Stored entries
******************************

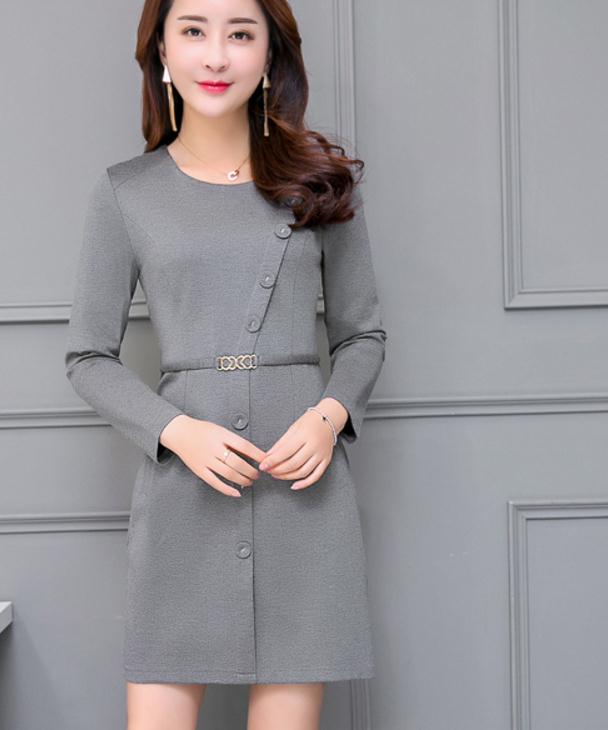 Free send 2017 spring and autumn new style Korean cultivate one's moral character round collar long sleeved dress female, Gray 
Free send 2017 spring and autumn new style Korean cultivate one's moral character round collar long sleeved dress female, Gray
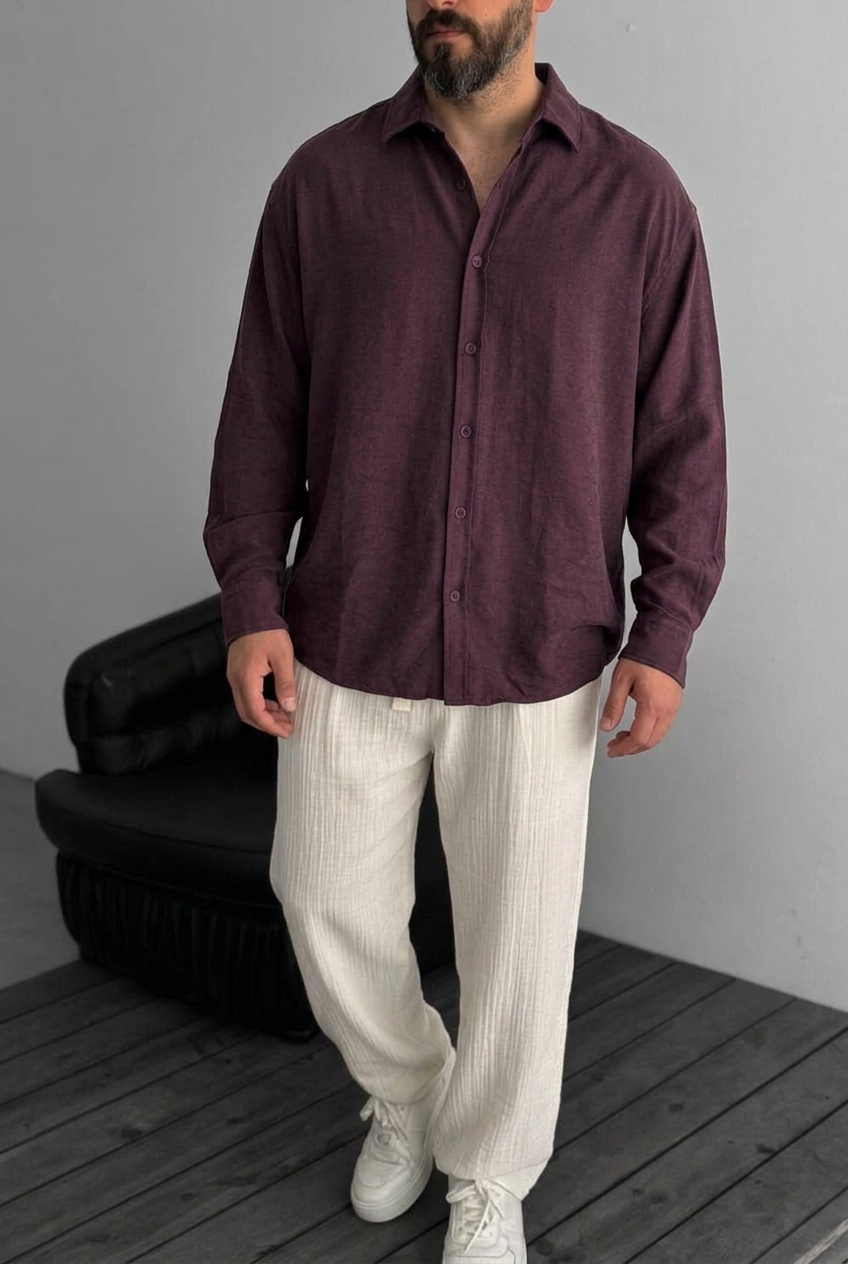 Modal Shirt with Subtle Effect – Burgundy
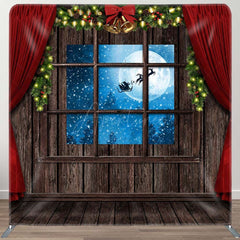 Aperturee - Aperturee Christmas Eve Red Curtain Night Tension Backdrop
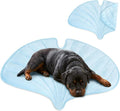 PetAmi Dog Cooling Mat, Ginkgo Leaf Shape, Reversible Cooling Nylon Blanket Soft Fleece Pet Pad for Dogs Cats, Summer All Season Use Q-Max>0.3, Large 55x59 in, Light Blue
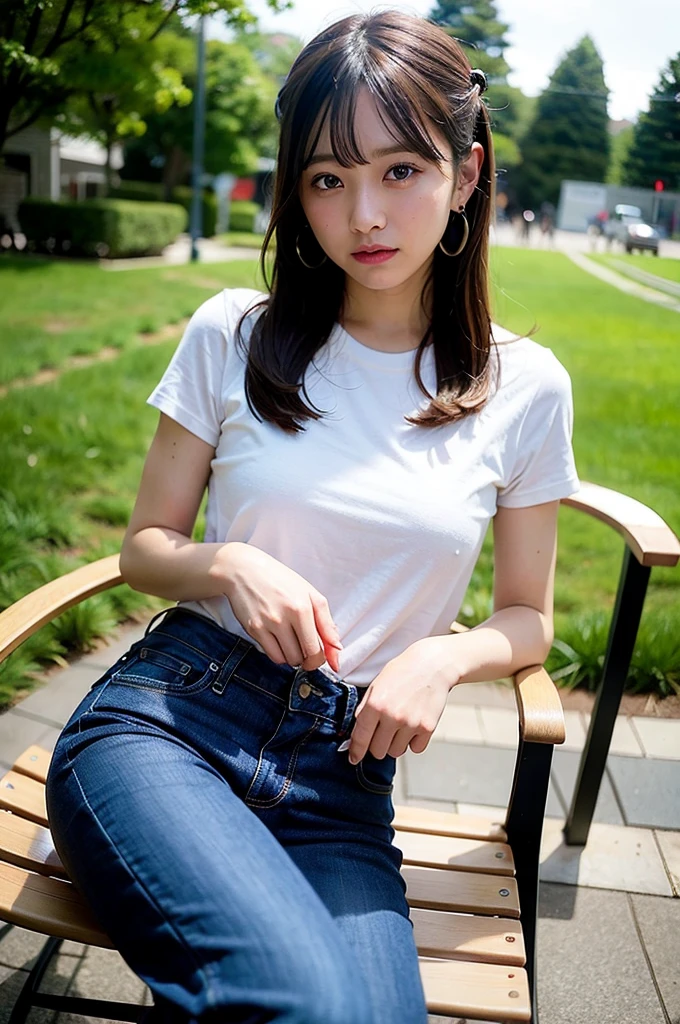 Movie stillovie Photos、Breathtakingly beautiful score_9、score_8_up、score_7_up、BREAK、8K、masterpiece、high quality、Long Hair、necklace、Hoop Earrings、Thigh straps、Shirt and jeans、pores、Lying on a Comfy Chair、garden、Very detailed、Detailed skin、Depth of written boundary、film グレイン、Very detailed、Detailed skin、Depth of written boundary、film グレイン、。Award-winning、Professional、Very detailed。35mm Photography、film、Bokeh、Professional、4K、Very detailed。浅いDepth of written boundary、Vignette、Very detailed、big budget hollywood movie、Bokeh、CinemaScope、Moody、Spectacular、Gorgeous、film グレイン、granular
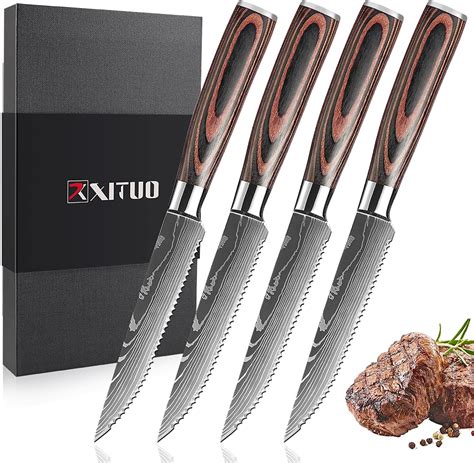 XT XITUO Steak Knives Set Of 4 Piece Damascus Patterned Stainless Steel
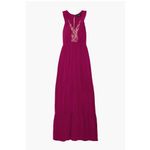 Saloni Suzi Ruffle Lace Trimmed Crinkled Gauze Maxi Size 6 Dress Magenta $625 Pink Photo 3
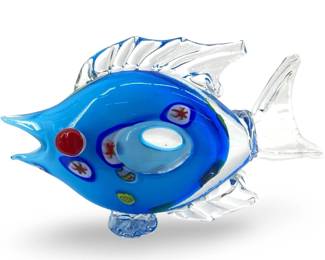Blue Murano Art Glass Angel Fish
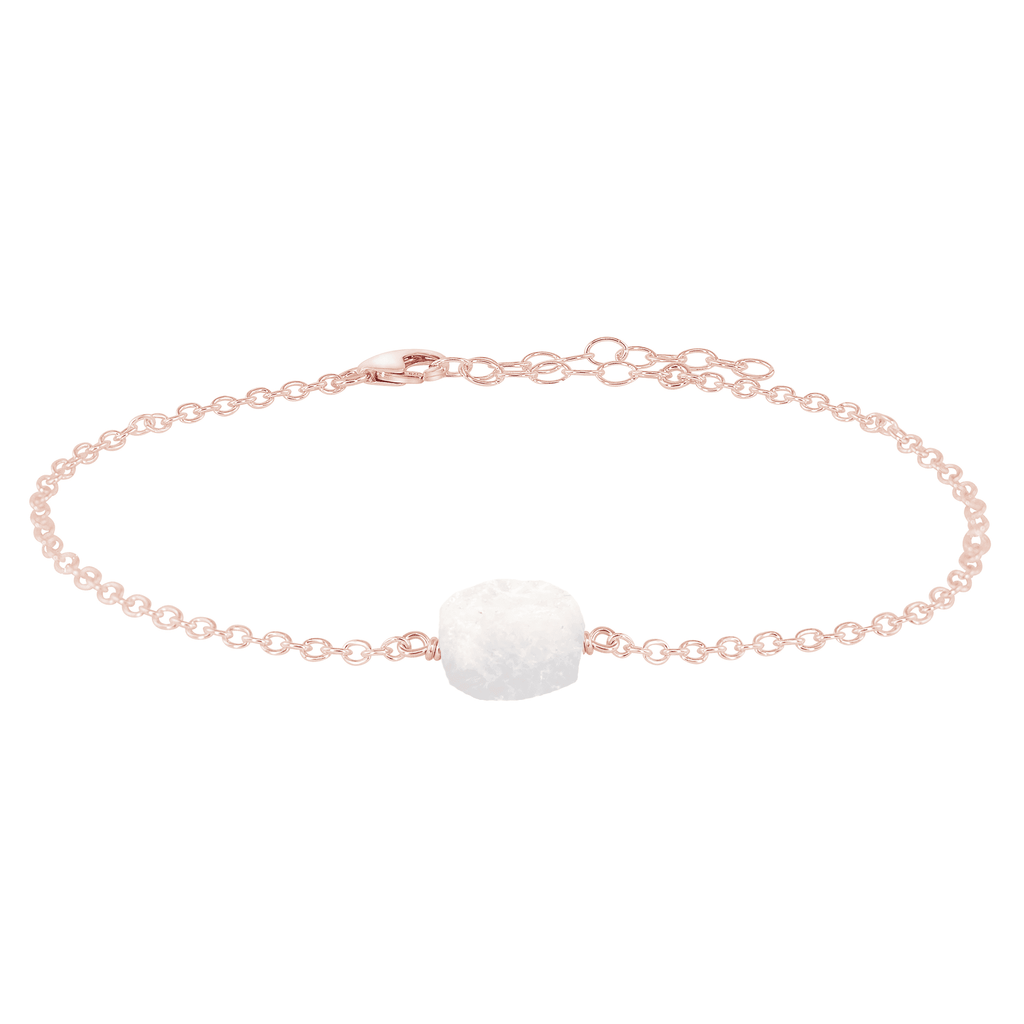 Raw Rainbow Moonstone Crystal Nugget Anklet - Raw Rainbow Moonstone Crystal Nugget Anklet - 14k Rose Gold Fill - Luna Tide Handmade Crystal Jewellery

******************************

TASK BRIEF:
All lines from the one holding "Saloni Suzi Ruffle" through the last line of the entries, and nothing else, are to be output exactly; leave out the pictures.

TASK RESULT:
 Saloni Suzi Ruffle Lace Trimmed Crinkled Gauze Maxi Size 6 Dress Magenta $625 Pink Photo 3
Blue Murano Art Glass Angel Fish
 Raw Rainbow Moonstone Crystal Nugget Anklet - Raw Rainbow Moonstone Crystal Nugget Anklet - 14k Rose Gold Fill - Luna Tide Handmade Crystal Jewellery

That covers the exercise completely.